Keywords: Rep Counting, Computer Vision, Pose Estimation.
- RepNet: Class Agnostic rep counting in the Wild
- Rule-based exercise rep counting using Pose Estimation
- Exercise rep counting using ideas from Signal Processing
- Rep counting using a DL-based Optical Flow Approach
Most of the techniques we discuss in the blog won’t be generic but rather exclusive to a specific problem (for example, workouts). Also, for a deeper understanding of the technique, please refer to the references provided.
One of the most prominent works around Rep Counting has been the RepNet, an end-to-end deep learning model that can accurately predict counts on a broad range of repetitive movements.
The RepNet model takes in a video stream as input and predicts two outputs:
Per-frame period length: For each frame that is a part of repetitive action, we want to know the period length (in time units) of that action.
Per-frame periodicity: a score indicating whether the current frame is a part of repetition or not.
Some of the key highlights of the RepNet model include: A Temporal Self-similarity Matrix (TSM):
- TSM is the highlight of this rep counting technique. It is the information bottleneck of the RepNet architecture. This matrix helps relate the frames to each other by computing a pairwise similarity function between two embeddings.
- One can also infer (using heuristics) the number of repetitions from these TSMs, which makes predictions from the RepNet model interpretable.
- Diverse real-world repetition videos ensure these TSMs are quite diverse, and hence RepNet has a pool of applications besides just rep counting.
One of the most impressive things about this rep counting method is that it is class agnostic (generic) and useful to a wide range of repetitive motions. RepNet model is a classical application of popular Transformers in Computer Vision.
However, the model is constrained in the sense that the number of frames in the input video has to be limited. This can be attributed to the fact that the size of the TSMs is equal to the number of input frames.
The model is quite heavy and complex; hence deploying this on a mobile app or any production environment would be quite challenging and might have latency issues.
This is the most common idea used in industry. A number of health and fitness startups have been working on building accurate, lightweight, state-of-the-art pose estimation models which can be used to accurately count the reps during exercise and provide posture correction feedback, etc.
Major Steps involved:
- Given a specific exercise, you first come up with definitions (rules) for states in that exercise. There can be multiple states in an exercise. A squat exercise, for example, can be broken into two states, say a lower state and an upper state. During the course of movement, the person doing exercise will shift from one state to the other. These state rules can be thought of as representing activation regions during movement.
- E.g., for a squat, these rules can be (th refers to threshold values):
down: (left_knee_hip_dist_y < th1 and right_knee_hip_dist_y < th2)
up: (left_knee_hip_dist_y > th3 and right_knee_hip_dist_y > th4)
- During inference, we start by computing the metrics (angles, distances normalized) using pose-keypoints from the model in real-time and check whether a particular rule gets activated or not, and perform rep counting using the flag.
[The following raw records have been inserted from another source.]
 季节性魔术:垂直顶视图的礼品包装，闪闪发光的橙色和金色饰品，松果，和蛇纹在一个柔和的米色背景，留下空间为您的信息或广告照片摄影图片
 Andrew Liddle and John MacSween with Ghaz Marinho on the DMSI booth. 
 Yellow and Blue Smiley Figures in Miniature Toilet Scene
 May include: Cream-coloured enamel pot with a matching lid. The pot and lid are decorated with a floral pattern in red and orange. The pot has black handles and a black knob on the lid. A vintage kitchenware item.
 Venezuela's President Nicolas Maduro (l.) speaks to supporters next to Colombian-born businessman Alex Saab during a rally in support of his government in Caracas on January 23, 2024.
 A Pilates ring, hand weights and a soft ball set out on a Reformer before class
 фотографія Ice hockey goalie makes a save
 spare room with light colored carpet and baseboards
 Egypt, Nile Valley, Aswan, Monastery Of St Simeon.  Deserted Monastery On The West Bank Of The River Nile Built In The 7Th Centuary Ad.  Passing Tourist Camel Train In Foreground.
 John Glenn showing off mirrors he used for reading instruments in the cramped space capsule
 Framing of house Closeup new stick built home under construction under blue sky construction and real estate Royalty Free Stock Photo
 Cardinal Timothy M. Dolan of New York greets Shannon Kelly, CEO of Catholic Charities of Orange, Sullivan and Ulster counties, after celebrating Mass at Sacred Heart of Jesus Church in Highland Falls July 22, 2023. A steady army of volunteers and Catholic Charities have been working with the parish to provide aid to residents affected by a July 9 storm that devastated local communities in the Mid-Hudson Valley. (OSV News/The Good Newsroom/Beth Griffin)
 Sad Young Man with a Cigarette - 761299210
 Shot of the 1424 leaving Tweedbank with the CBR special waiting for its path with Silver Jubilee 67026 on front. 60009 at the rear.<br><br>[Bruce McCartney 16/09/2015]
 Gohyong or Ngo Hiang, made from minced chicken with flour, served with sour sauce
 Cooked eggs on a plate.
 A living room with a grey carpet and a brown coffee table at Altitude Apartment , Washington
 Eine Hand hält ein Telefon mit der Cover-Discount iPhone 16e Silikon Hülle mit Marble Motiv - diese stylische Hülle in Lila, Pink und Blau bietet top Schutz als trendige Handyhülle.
One of the major upsides of the approach is that rep counting is fast and accurate, and latency is very low. However, some major downsides include the following:
- It is not a generic rep counting.
- The pose estimation model is highly sensitive to background noise and hence rep counting as well.
- Scalability Issues: writing rules manually is a time-intensive process. We also need to test the rules with different variations in angle, orientation, posture, etc. Imagine writing rules for 100s of exercises in the corpus.
Goal: Use Signal Processing ideas like zero-crossing and peak detection to make an exercise rep counter.
This approach is very similar to rule-based rep counting except for the hassle of manually writing the rules for different states during the rep. This approach semi-automates the state calculation approach by inferring a reference line (which can be thought of as a state boundary) for a specific movement/exercise using a trainer’s video and then using the reference line for counting reps of any video of that exercise.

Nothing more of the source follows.